Aku mengangkat kepalaku,
Kulihat beberapa cahaya kuning cerah menyinari beberapa bagian dimana sosok nenekku sering duduk, sofa merah marun kebangsaannya, sofa abu-abu empuk dan nyaman dimana ia biasa duduk di waktu ini setelah ia selesai mandi. Perlahan, aku menutup pintu, kakiku seolah lemas seketika, dan aku pun terjatuh dan terduduk di lantai, kulepas seluruh isak tangisanku, aku tidak menangis tanpa suara, tidak, aku benar-benar melepaskan semuanya di rumah kosong itu tanpa ada siapapun yang mendengar, aku melepaskan suaraku, selama ini, aku tidak mau ada yang mendengar isak tangis konyolku, aku memanggil namamu Oma, aku memanggilmu, namun aku tidak menerima jawaban apapun, hampa, sunyi, gelap.

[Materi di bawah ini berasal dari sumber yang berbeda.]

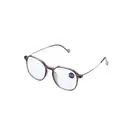 Lunettes de lecture marron transparent 400d image 0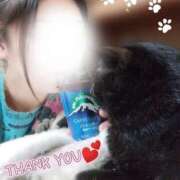 ヒメ日記 2025/11/16 18:51 投稿 みいな トマトなび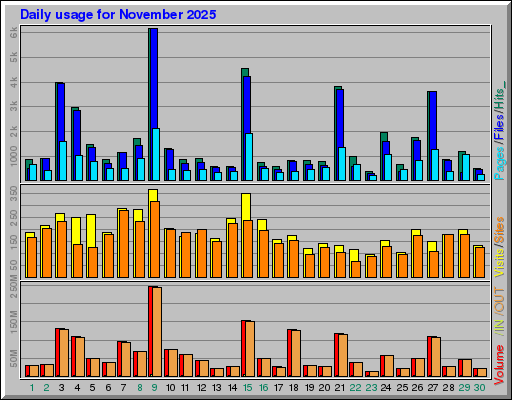Raport Dzienny -  listopad 2025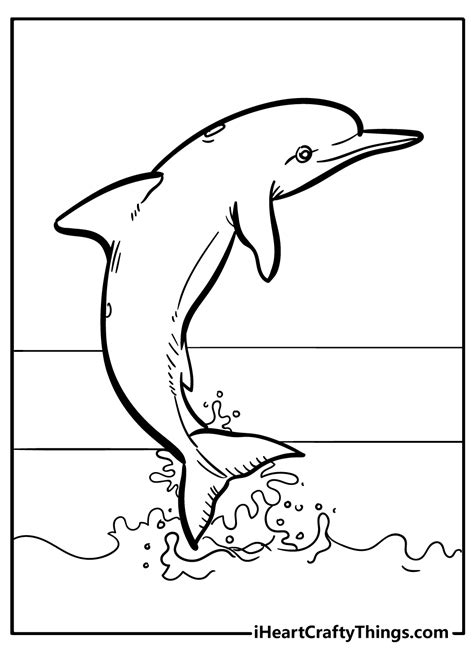 Dolphin Images For Colouring Infoupdate Org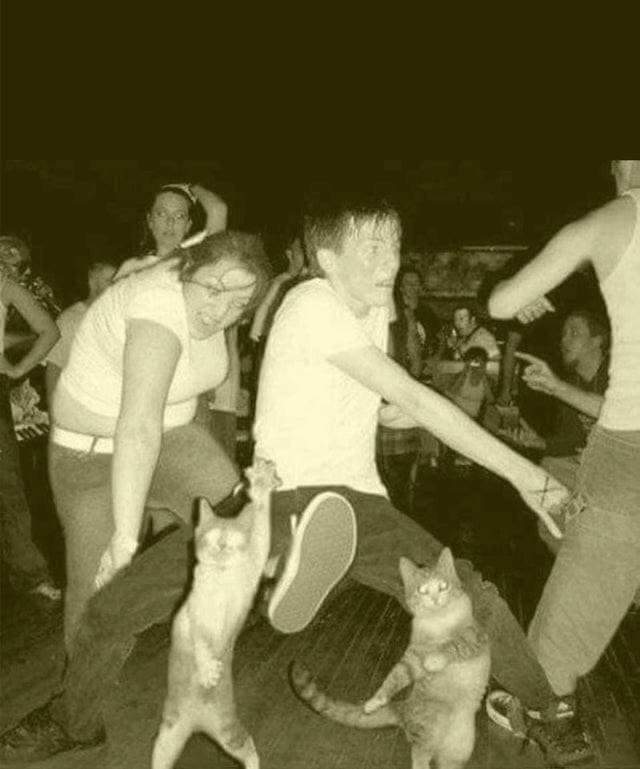 I don't know what's happening there, but the party seems cool 😈 Find it @unsolvedpage #ghoster #paranormal #demon #ghost #3am #poltergeist #devil #evil #hauntings #haunt #disturbing #caught #caughtoncamera #scary #doyoubelieve #areyoualone #horror #3amthoughts #UNSOLVED
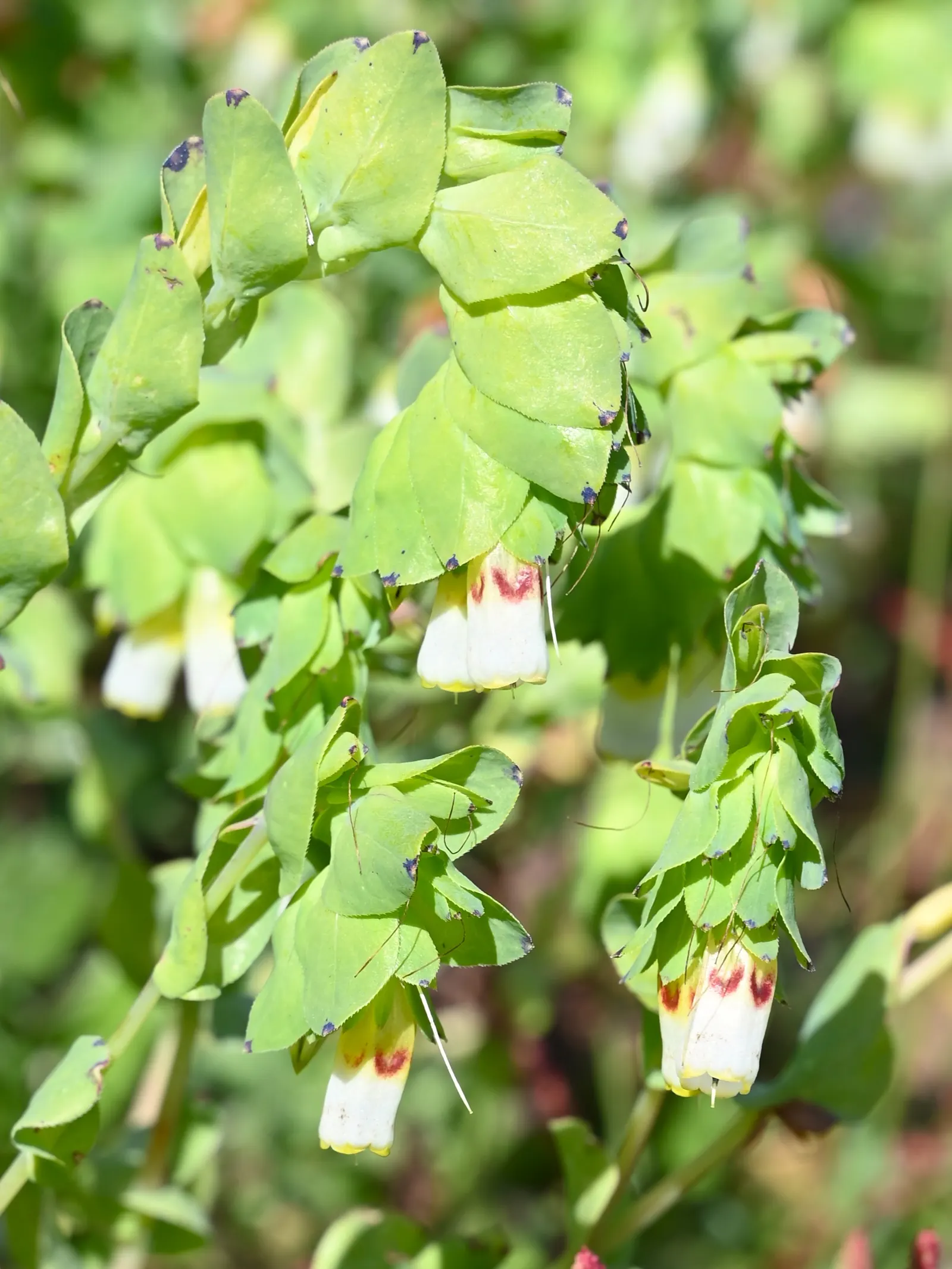Honeywort, Shrimp Plant (Cerinthe Major) — Originating from the Mediterranean; this plant has a gracefully arching habit and can reach a height of 18 to 24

"Sudah-" Namun, napasku masih terputus oleh isak tangis,
"Sudah Al, cukup, tarik napasmu, bangun, ayo berdiri."
Akhirnya, aku pun berdiri, aku belum bisa menghentikan air yang terus menerus mengalir di pipiku,
"Oma pasti mau rumah rapih kalo lagi Idul Adha kayak gini kan?"
Aku mengambil barang-barang yang berserakan di lantai, menaruhnya di tempat-tempat asalnya, aku menghampiri gorden yang belum diikat, kemudian kuraih tali pengikatnya,
"Al, begini cara ngiket tirai yang bener, rapih ni, ha."
Tanganku gemetar menggengam erat tirai itu, aku menyenderkan kepala yang kutundukkan pada tirai dan tralis jendela yang ada di hadapanku, aku masih mengingat suara itu dengan jelas. Ah, isak tangisku belum bisa berhenti juga, aku berusaha menarik napasku yang sedari tadi mencekik tenggorokan, kian lama aku berada dalam keadaan seperti ini. Sudahlah Al, aku menguatkan diri untuk kembali meneruskan pekerjaanku, aku mengikatnya dengan rapih, sama seperti yang telah Oma ajarkan padaku dulu.